On Thu, Nov 21, 2024 at 01:02:42PM +0100, Florian Westphal wrote: > Pablo Neira Ayuso <pablo@netfilter.org> wrote: > > > Only options I see is to add a feature test file for this support, > > > and then either disabling dump validation if it failed or adding > > > additonal/alternative dump file. > > > > Oh right, tests! > > > > Probably tests/shell can be workaround to remove # count X before > > comparing output. > > > > It won't look nice, but I think tests/shell can carry on this burden. > > This means # count N will not be checked in old and new kernels. > > > > To validate # count N, we can still rely on tests/py and the debug > > output as you propose. > > > > Not great, but does this sound sensible to you? > > 1. Add new feature test > 2. Update dump files to include "# count xxx" > 3. when diff -u fails, do postprocess on recorded > dump file, i.e. sed s/# count.*//g > 4. repeat diff with postprocessed recorded dump > if ok -> ok, else dump failure > > Does that sound ok?
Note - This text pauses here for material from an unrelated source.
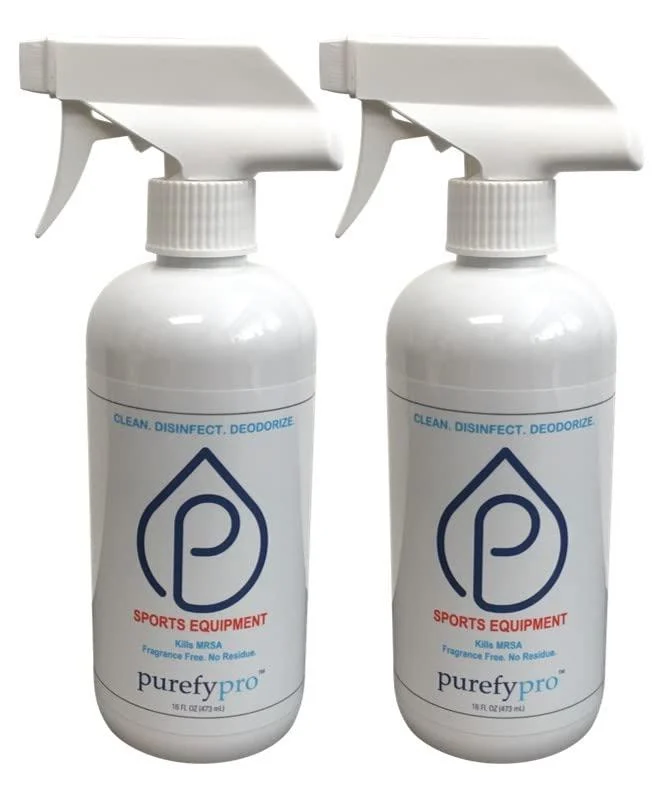 Purefypro Sports Equipment Disinfectant Spray - (16oz, 2pk) Kills 99.9999% MRSA, HIV, Athlete Foot Fungus, Virus and Fungi. No Rinse, No Residue. Great For Sports Pads, Yoga Mats, Shoes, Boxing Gloves and Gym Equipment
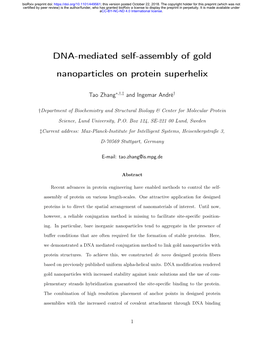 DNA-Mediated Self-Assembly of Gold Nanoparticles on Protein Superhelix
OK, still one more aspect I'd like to discuss. > AFAICS we only need to update < 10 dump files, > so churn is not too bad. > > Alternative is to always store postprocessed > dumps and then always run sed before diff, but I think > its better to do the extra mile. rbtree going leaks a raw count of independent interval values which is going to be awkward to the user.
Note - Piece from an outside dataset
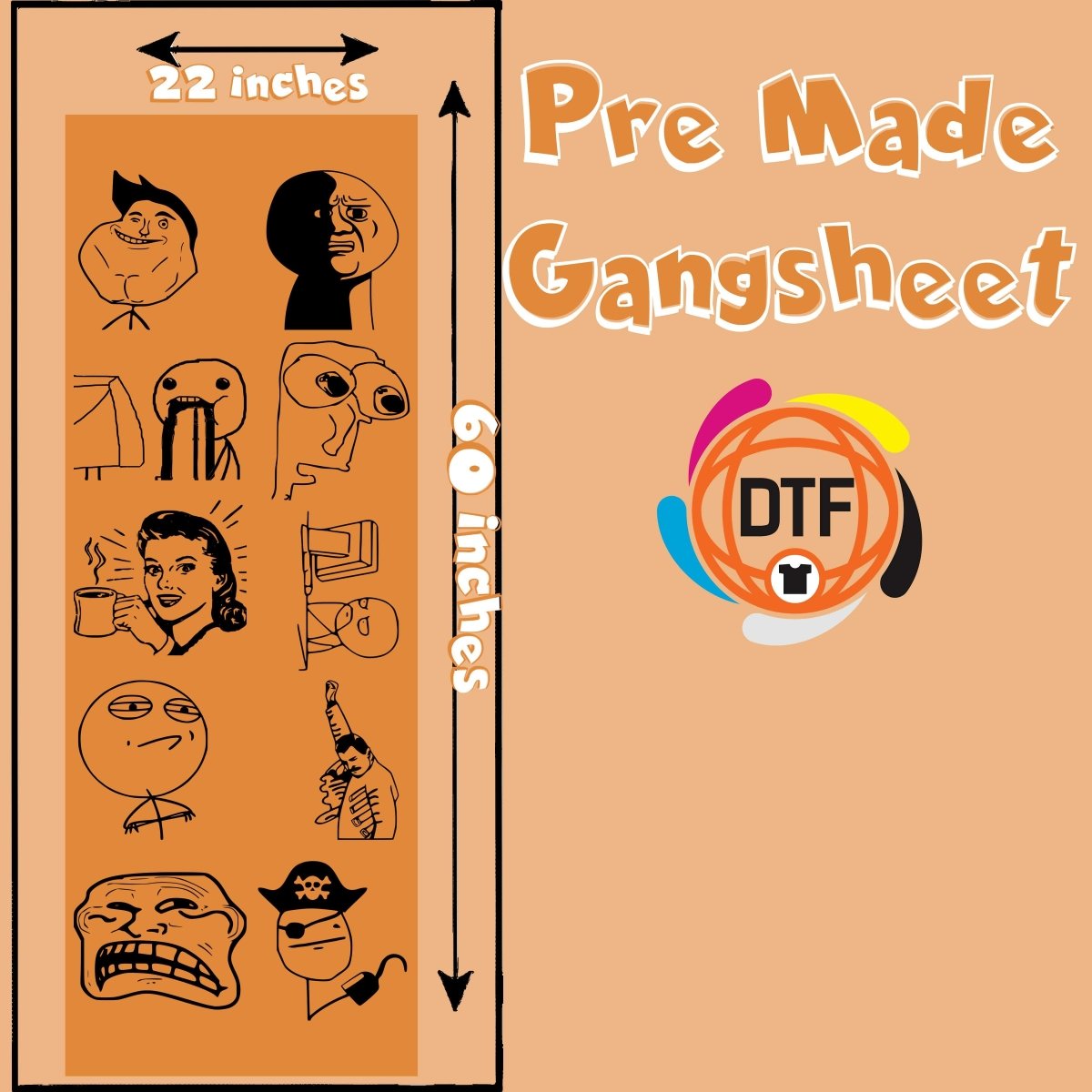 Viral Vibes Pack Premade DTF Gangsheet - Buy Bulk DTF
Pablo Neira Ayuso <pablo@netfilter.org> wrote: > > AFAICS we only need to update < 10 dump files, > > so churn is not too bad. > > > > Alternative is to always store postprocessed > > dumps and then always run sed before diff, but I think > > its better to do the extra mile. > > rbtree going leaks a raw count of independent interval values which is > going to be awkward to the user. Sure, wasn't that the reason why you iniitially wanted to restrict this to --netlink=debug? What made you change your mind? Maybe apply the simpler, existing v1 patches only, i.e. no exposure? I can just send a v2 with the new attribute names and no getter for libnftnl.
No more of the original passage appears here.